Dataset extract
=== Section Start ===
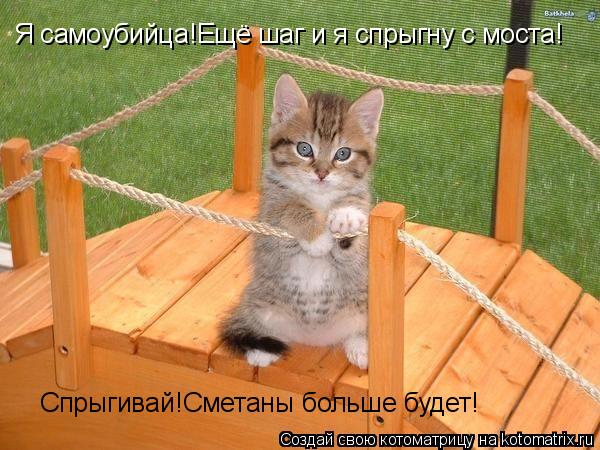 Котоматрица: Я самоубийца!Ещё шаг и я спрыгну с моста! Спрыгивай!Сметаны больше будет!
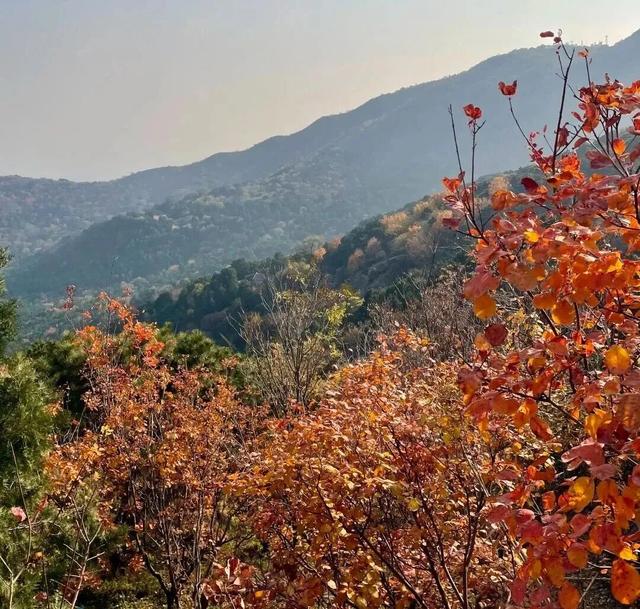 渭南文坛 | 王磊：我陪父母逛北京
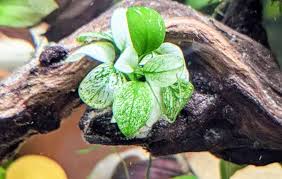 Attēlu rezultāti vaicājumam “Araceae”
=== Section End ===
Required work
Reproduce the whole listing above character for character; pictures do not belong in it.

Response box
 Котоматрица: Я самоубийца!Ещё шаг и я спрыгну с моста! Спрыгивай!Сметаны больше будет!
 渭南文坛 | 王磊：我陪父母逛北京
 Attēlu rezultāti vaicājumam “Araceae”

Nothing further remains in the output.